Ik heb haar wel gevraagd of het voor haar ook goed voelde, iemand zo’n kijkje geven in je leven. Als je ergens het gevoel hebt dat er iemand is aan wie je dit niet zou willen vertellen, dan zou je het ook niet in een boek moeten beschrijven. Het is dus, als het aan mij ligt, meer een persoonlijke keuze dan dat het iets is wat de lezer ongemakkelijk maakt. 
Ik zou degenen waar je het verhaal over schrijft wel meenemen in je plan. Om ze in ieder geval te vertellen dat je een boek wil schrijven. Maar laat je zeker niet afschrikken door eventuele negatieve reacties. Het is uiteindelijk wel jouw verhaal. 

Waar liggen de valkuilen?
Het moet vooral goed voelen voor jou. Dat kan ook een waan zijn waar je in zit. Dat je op het moment van inleveren denkt dat het goed voelt, maar dat wanneer je het boek dan in de winkels ziet liggen je bij wijze van spreken denkt: ‘shit, daar lig ik in mijn blote kont’. Je hebt dus wat mij betreft altijd iemand nodig die dichtbij je staat, die er nuchter naar kan kijken. ‘Weet je zeker dat je het zo wil beschrijven?’
Ik las vorige week een manuscript van een man, die wilde vertellen over zijn drugsverleden. Maar hij beschreef ook vrij intieme details van afspraakjes met meisjes. Dat voegde niks toe aan het verhaal. En daarnaast, als hij kinderen heeft of nog wil krijgen: zij (en al hun vriendjes) kunnen dat uiteindelijk ook lezen. Wil je dat, als vader? Je hebt dus echt mensen van buitenaf nodig die kritisch aan je vragen hoe je in het verhaal staat. Je moet er over twintig jaar ook nog trots op kunnen zijn.

In hoeverre vind jij een autobiografische roman journalistiek?

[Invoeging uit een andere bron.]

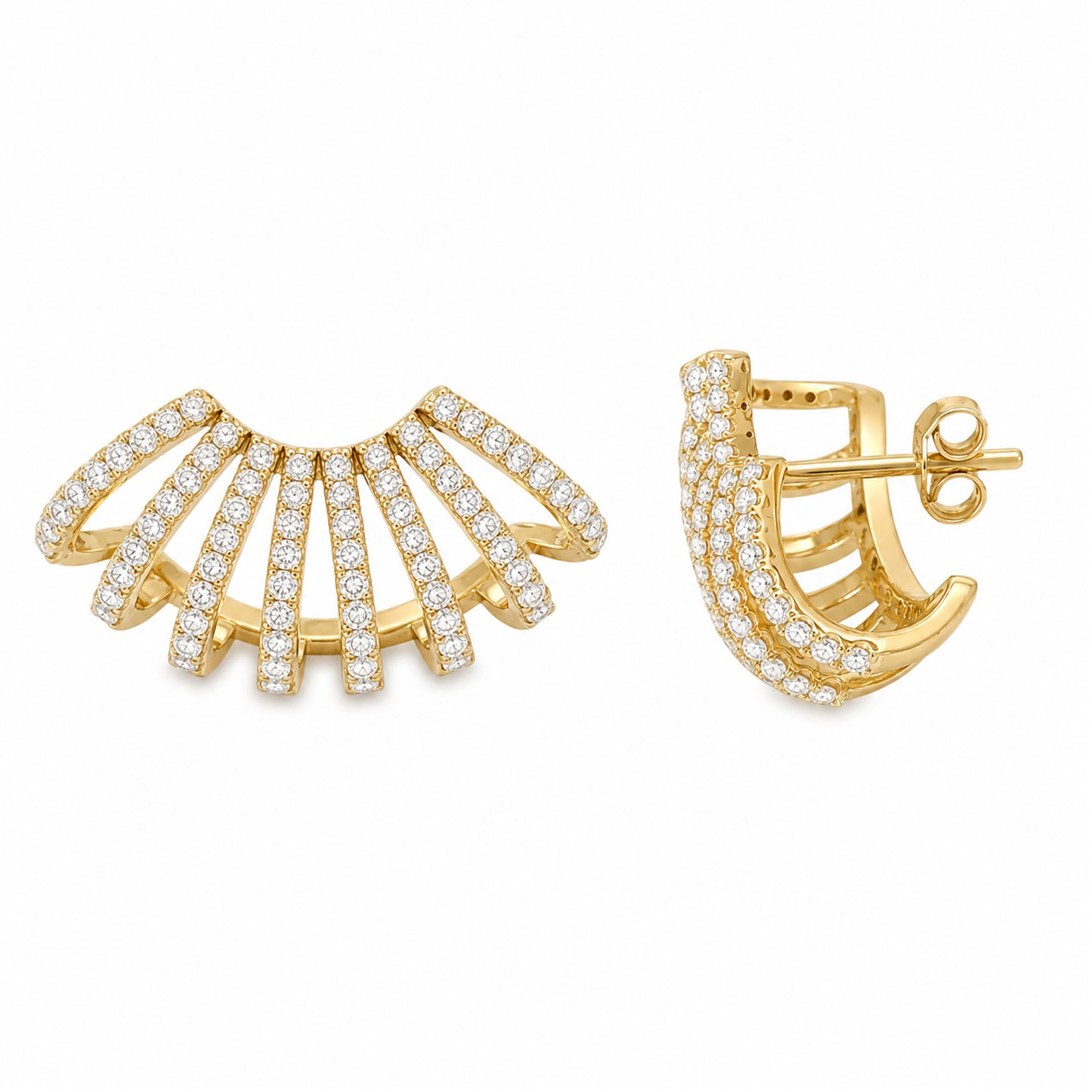 14K Gold Pavé Diamond 8 Row Hoop Stud Earrings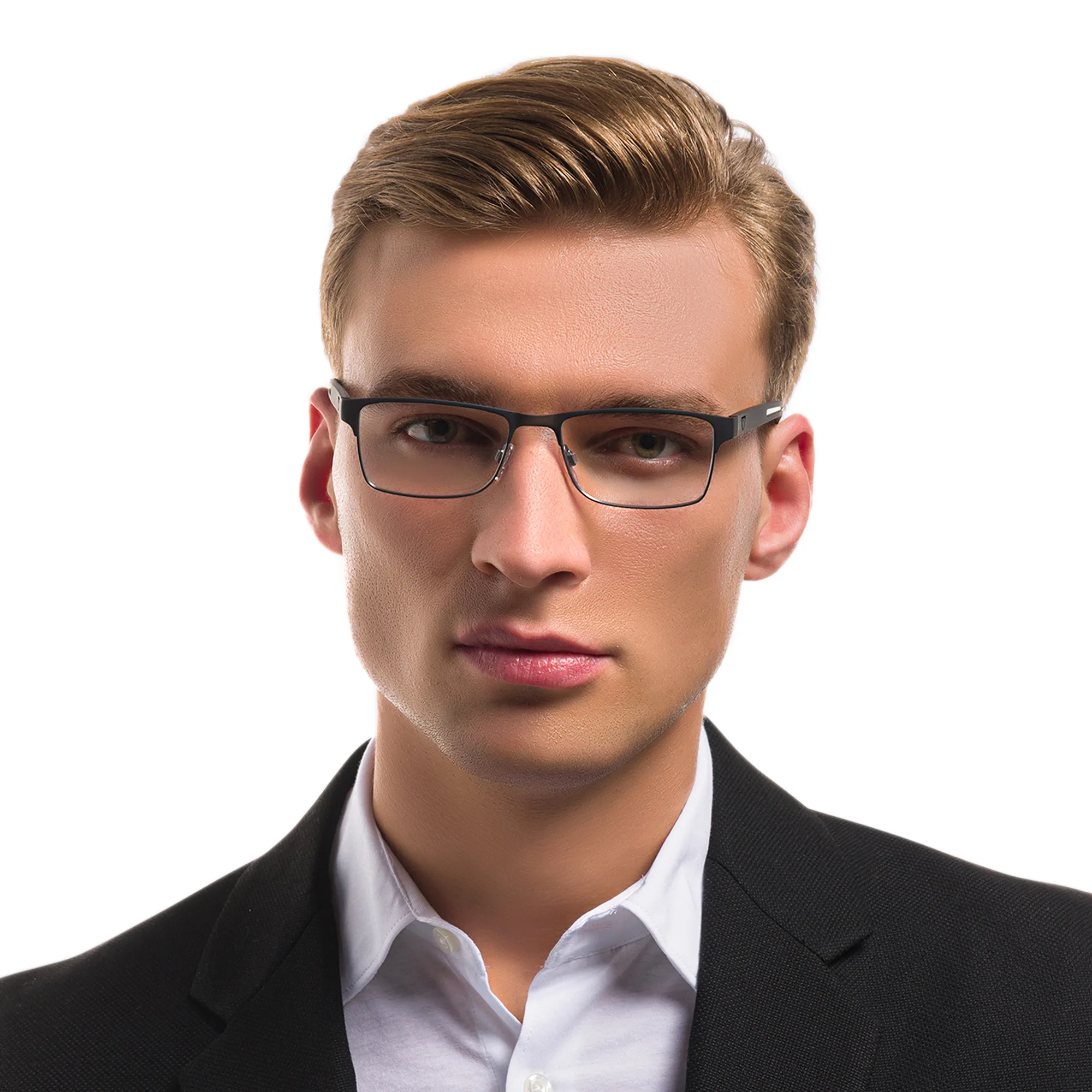 Shop Emporio Armani Rectangle Eyeglasses in Black online.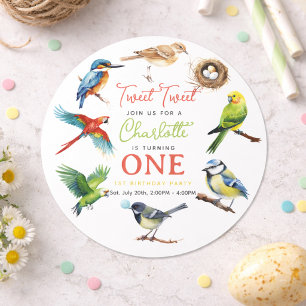 Cute Bird 1st Birthday Party Classic Round Sticker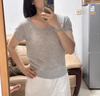 德瑪納【含天然亞麻】夏季氣質(zhì)大圓領(lǐng)短袖線衫寬松小個子針織衫女上衣 曬單實(shí)拍圖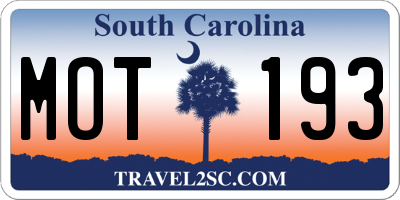 SC license plate MOT193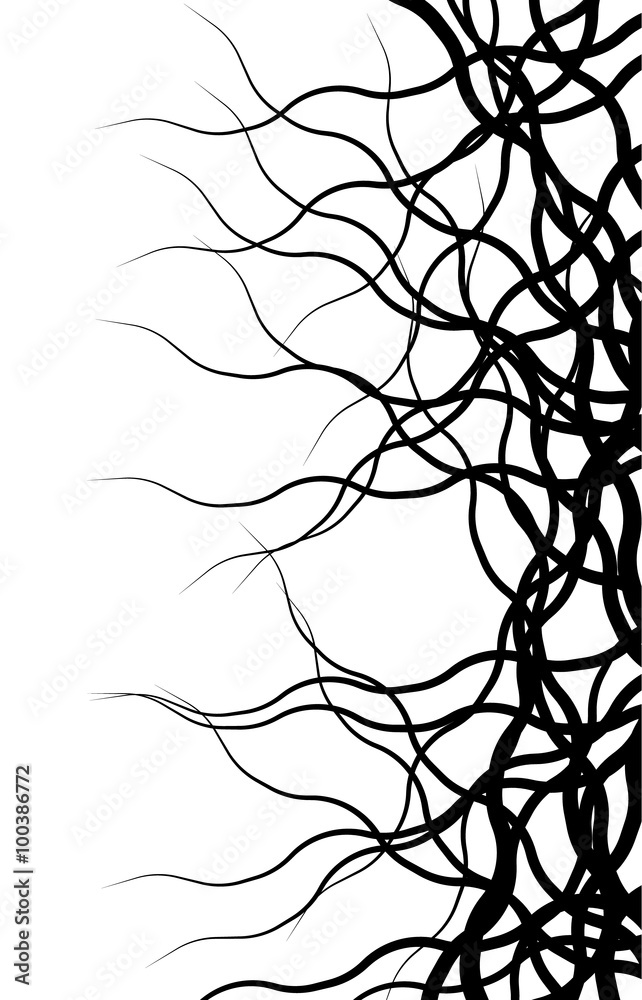Poster Weird lines from edge. Abstract monochrome vector pattern.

Ik vind zeker dat een autobiografische roman journalistiek kan zijn, als het gebaseerd is op interviews, ervaringen en research. Dat is juist de basis om een verhaal mee te bouwen. Natuurlijk zal je details moeten verzinnen om een betere sfeer te kunnen scheppen – daar ontkom je niet aan, want je was er niet bij en dat kun je nooit 100 procent uit een gesprek halen. Maar als je eerlijk bent over dat je dat hebt gedaan, dan is dit zeker journalistiek. Je geeft immers informatie door, wellicht op een iets andere manier, maar wel met een boodschap. Die verandert niet, of je nu fictie of non-fictie schrijft.